Temendo pela sobrevivência e sem apoio efetivo dos governos, pequeno comércio na periferia cria estratégias para driblar a quarentena por coronavírus

Rio de Janeiro tem o primeiro dia de comércio fechado por determinação da prefeitura
Rio de Janeiro tem o primeiro dia de comércio fechado por determinação da prefeitura (Foto: Tania Regô/Agência Brasil)

“A gente ouve falar que o governo vai ajudar, mas, na verdade, nenhuma ajuda nunca chega aqui”, diz Luiz*, que tem uma pequena loja de utilidades domésticas no Grajaú, extremo sul da capital paulista. Com a decretação de quarentena na capital paulista e no estado de São Paulo, devido à epidemia de coronavírus, ele fez “alguns malabarismos” para manter o pequeno comércio que mantém a família de seis pessoas, mais oito funcionários. “Eu tô funcionando assim”, diz Luiz, apontando as portas baixas, mas com cerca de 60 centímetros de abertura.

“Se o cliente encosta, um funcionário sai e vai ver o que ele precisa. Aí volta e separa, leva a maquininha até o carro. E pronto, o cliente não precisa nem sair do carro”, explica.

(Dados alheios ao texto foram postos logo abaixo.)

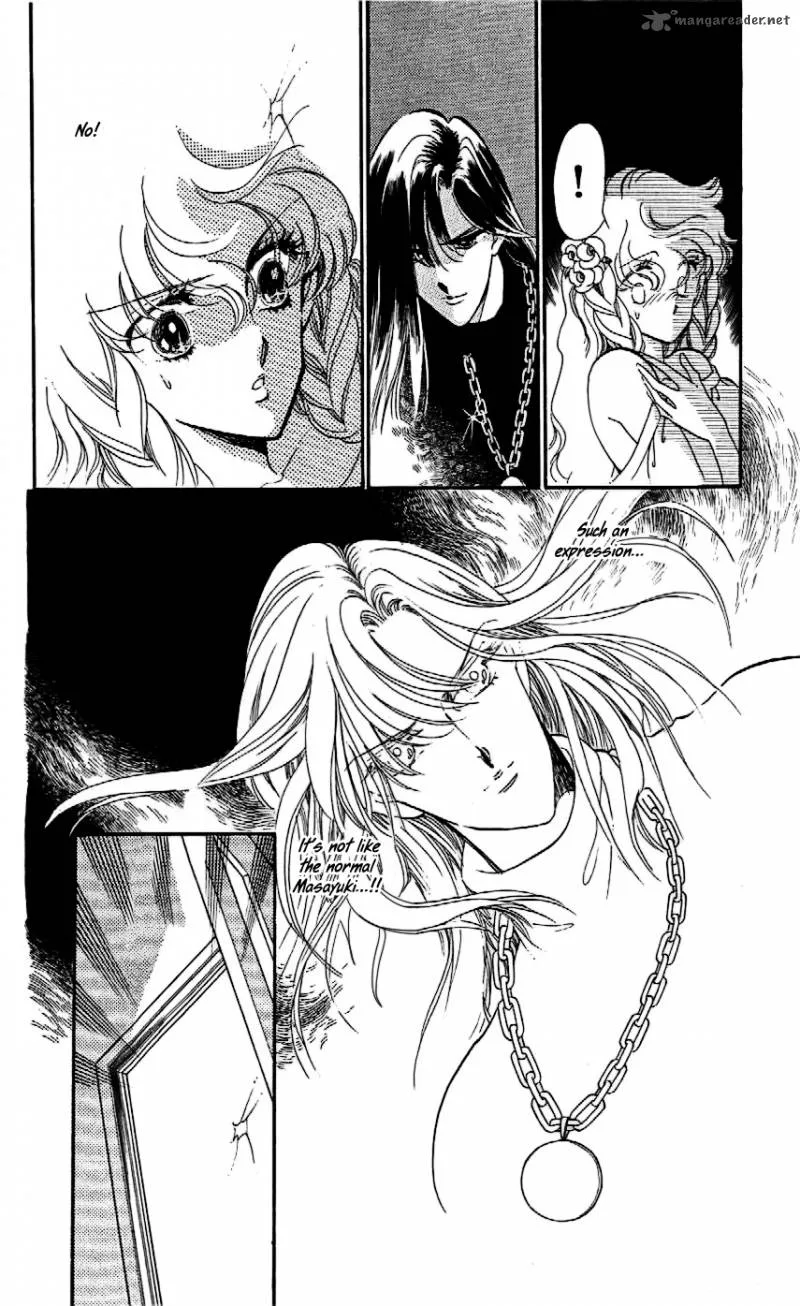 Mou Hitori no Marionette Chapter 16 page 32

Ele também disponibilizou o número pessoal para as pessoas fazerem os pedidos pelo WhatsApp e depois só passarem para pegar. “É tipo um drive thru de coisas para casa”, brinca.

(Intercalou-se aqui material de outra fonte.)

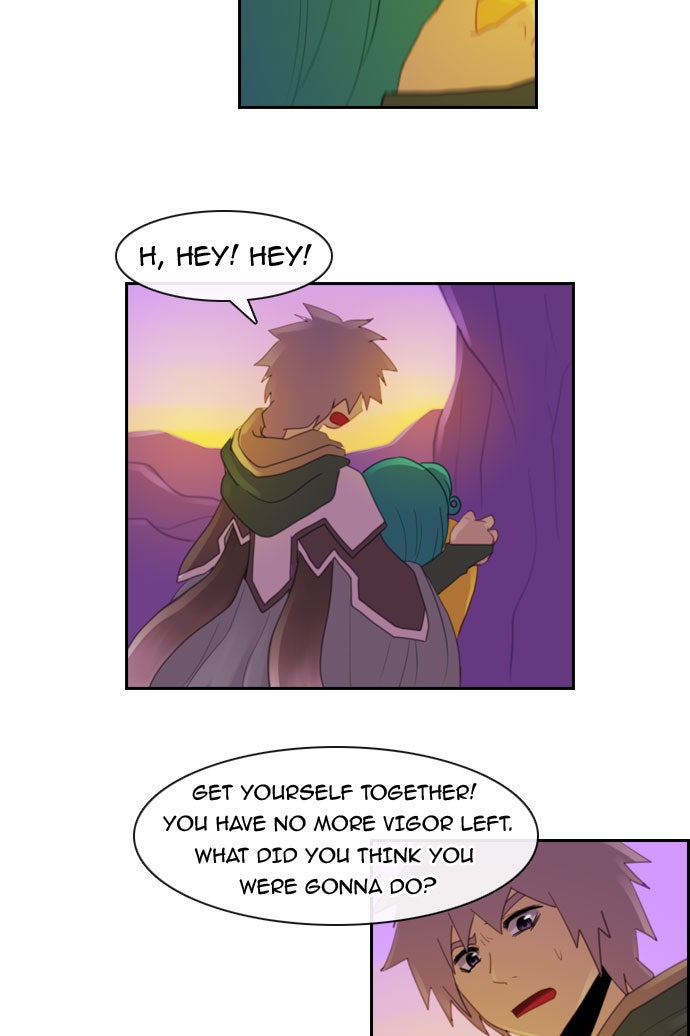 Read Kubera Manga Online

A situação de Luiz é comum em outros bairros da capital paulista. Cartazes com números para contato via WhatsApp e portas entreabertas estão por toda parte. Pequenos comerciantes, sem condições para acessar benefícios governamentais e financiamentos especiais, estão preocupados com os impactos da epidemia de coronavírus no país, em especial na cidade de São Paulo, que concentra o maior número de casos e mortes. O Brasil tem 2.985 casos confirmados de infecção por coronavírus, com 77 mortes.

Nada de efetivo

O governo de Jair Bolsonaro anunciou medidas de apoio à população mais vulnerável, com aumento no Bolsa Família – ainda indefinido – e auxílio de R$ 200 ao mês, por três meses, para trabalhadores informais inscritos no Cadastro Único. Além disso, autorizou a antecipação de 13° salário, para aposentados e pensionistas, e abonos salariais, redução de juros no crédito consignado – que desconta direto na folha de pagamento. Também propôs a prorrogação do prazo para pagamentos de impostos de empresas e empréstimos com juros baixos no Banco Nacional do Desenvolvimento Econômico e Social (BNDES).

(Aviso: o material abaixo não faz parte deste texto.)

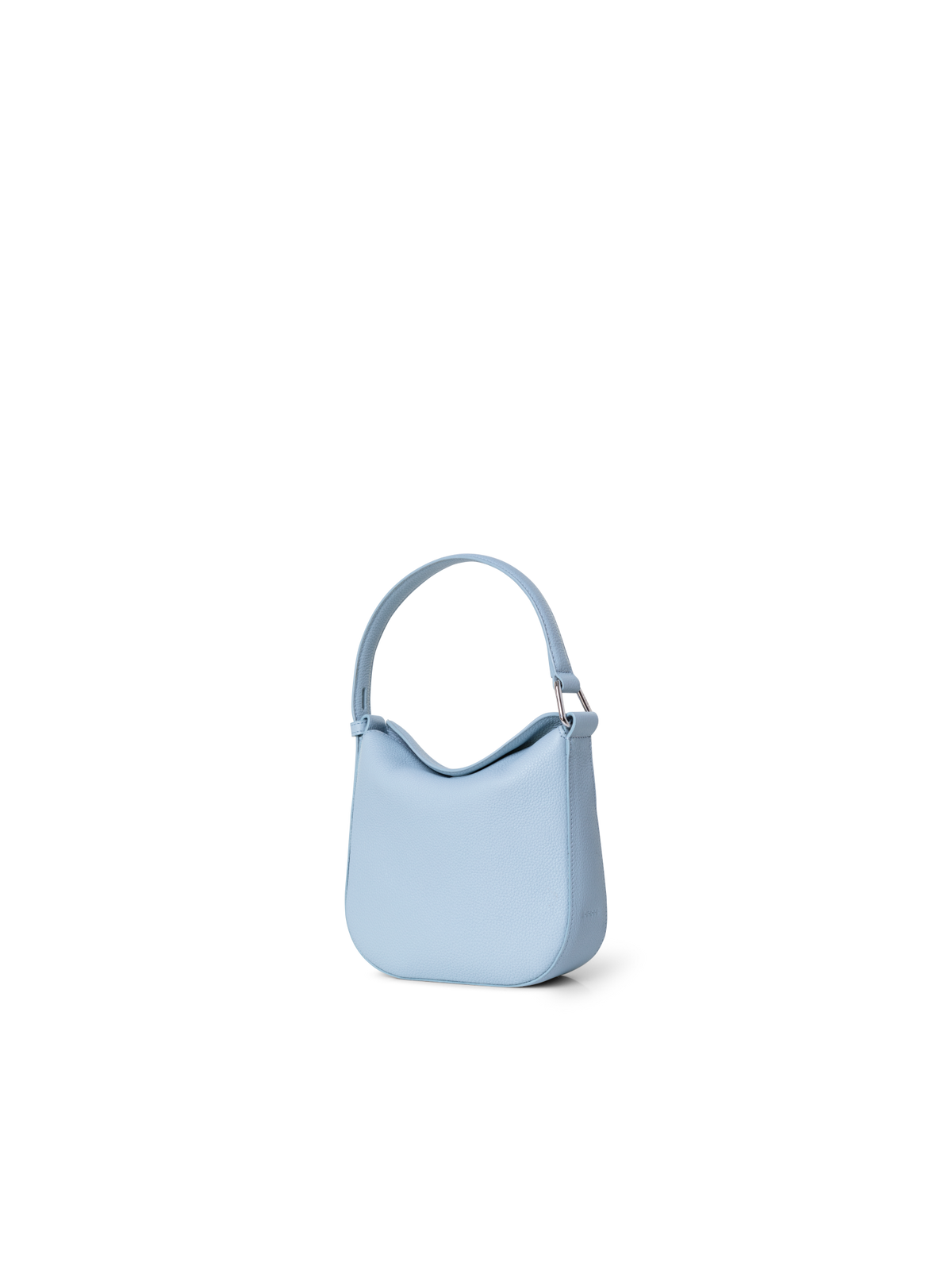 Designer Anna Mini Hobo - blue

Nenhuma das medidas foi efetivada até o momento. Somente uma medida provisória flexibilizando ainda mais as leis trabalhistas foi encaminhada ao Congresso Nacional. “Eu nunca vi essas ajudas. No máximo, a gente consegue uma ajuda do Sebrae e algum empréstimo de banco mesmo. BNDES eu nunca vi”, critica João*, dono de uma pequena casa de materiais de construção na Vila Maria, zona norte da capital paulista.

Como Luiz*, ele mantém o comércio a “meia porta”, atendendo por encomenda, feitas por telefone ou WhatsApp. “Pelo amor de Deus. Com o que a gente ganha aqui já é difícil. Se eu parar totalmente, vamos passar necessidade”, diz ele, que hoje vive entre o medo de não ganhar nada no dia e o de uma fiscalização da prefeitura. “A gente entende o risco do coronavírus. Eu tenho 62 anos, tenho medo. Mas o governo devia fazer algo pelo povo, não pode largar a gente assim”, disse.

Movimentos populares de todo o Brasil apresentaram uma série de medidas para enfrentar os problemas sociais decorrentes da epidemia de coronavírus. Entre as propostas, está a criação de um seguro quarentena para trabalhadores informais no valor de um salário mínimo (R$ 1.045); suspensão dos pagamentos de contas de água, luz e gás; apoio para pequenos comerciantes e financiamentos a juro zero; distribuição de alimentos e itens de higiene e limpeza para famílias vulneráveis, e ampliação do Bolsa Família para o valor de um salário mínimo, além de apoio aos trabalhadores informais.